One scheme to avoid overhead involves using pointer sizes that are larger than the physical or logical memory available to the application. One can store some information in those unused bits, but they would also count as overhead if their number exceeds a processor word size. Generally, only a hand full of bits are used and those identify which of the memory managers internal pools the memory comes from. The later, implies additonal overhead of pointers to pools. This brings us to real world systems, where the heap manager implementation is tuned to the OS, hardware architecture and typical usage patterns.
Most hosted implementations (hosted == runs on OS) request one or more memory blocks from the operating system in the c-runtime initialization phase. OS memory management calls are expensive in time and space. The OS has it's own memory manager, with its own overhead set, driven by its own design criteria and usage patterns. So c-runtime heap managers attempt to limit the number of calls into the OS memory manager, in order to reduce the latency of the average call to malloc() and free(). Most request the first block from the OS when malloc is first called, but this usually happens at some point in the c-runtime initialization code. This first block is usually a low multiple of the system page size, which can be one or more orders of magnitude larger than the size requested in the initial malloc() call.
At this point it is obvious that heap manager overhead is extremely fluid and difficult to quantify. On a typical modern system, the heap manager must track multiple blocks of memory allocated from the OS, how many bytes are currently allocated to the application in each of those blocks and potentially, how much time has passed since a block went to zero. Then there's the overhead of tracking allocations from within each of those blocks.
Generally malloc rounds up to a minimum alignment boundary and often this is not special cased for small allocations as applications are expected to aggregate many of these into a single allocation. The minimum alignment is often based on the largest required alignment for a load instruction in the architecture the code is running on. So with 128-bit SIMD (e.g. SSE or NEON) the minimum is 16 bytes. In practice there is a header as well which causes the minimum cost in size to be doubled. As SIMD register widths have increased, malloc hasn't increased it's guaranteed alignment.
As was pointed out, the minimum possible overhead is 0. Though the pointer itself should probably be counted in any reasonable analysis. In a garbage collector design, at least one pointer to the data has to be present. In straight a non-GC design, one has to have a pointer to call free, but there's not an iron clad requirement it has to be called. One could theoretically compress a bunch of pointers together into less space as well, but now we're into an analysis of the entropy of the bits in the pointers. Point being you likely need to specify some more constraints to get a really solid answer.

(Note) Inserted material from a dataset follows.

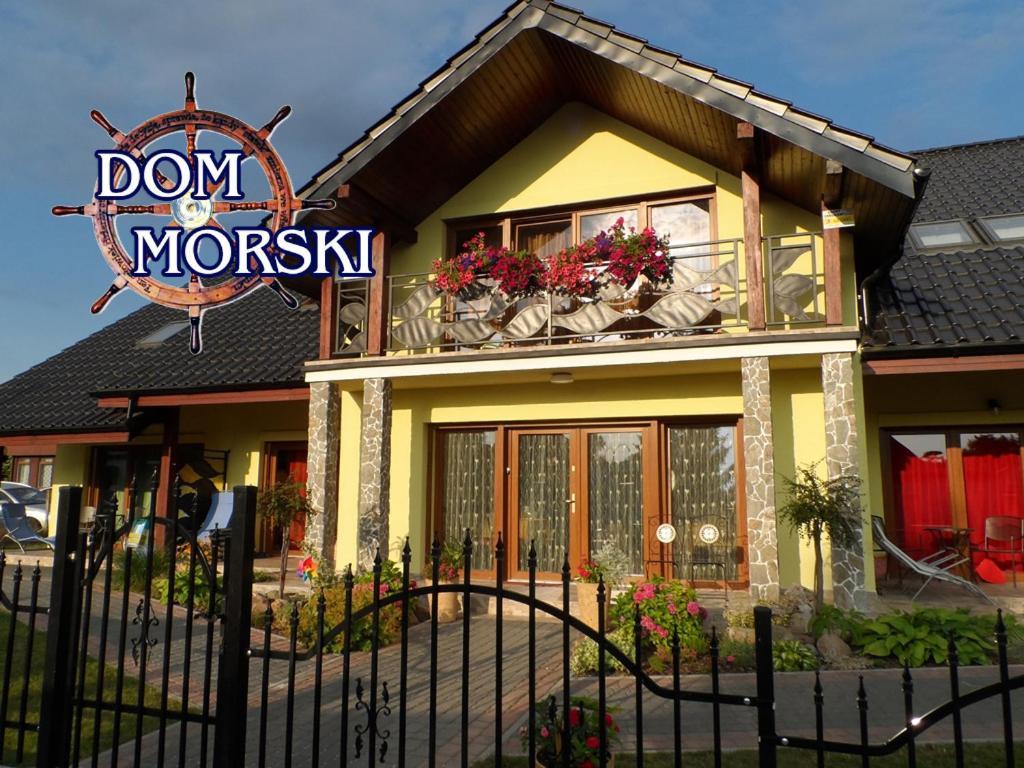 Dom Morski Sianozety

By way of illustration, if one needs arbitrary allocation and deallocation of just int size, one can allocate a large block and create a linked list of indexes using each int to hold the index of the next. Allocation pulls an item off the list and deallocation adds one back. There is a constraint that each allocation is exactly an int. (And that the block is small enough that the maximum index fits in an int.) Multiple sizes can be handled by having different blocks and searching for which block the pointer is in when deallocation happens. Some malloc implementations do something like this for small fixed sizes such as 4, 8, and 16 bytes.
This approach doesn't hit zero overhead as one needs to maintain some data structure to keep track of the blocks. This is illustrated by considering the case of one-byte allocations. A block can at most hold 256 allocations as that is the maximum index that can fit in the block. If we want to allow more allocations than this, we will need at least one pointer per block, which is e.g. 4 or 8 bytes overhead per 256 bytes.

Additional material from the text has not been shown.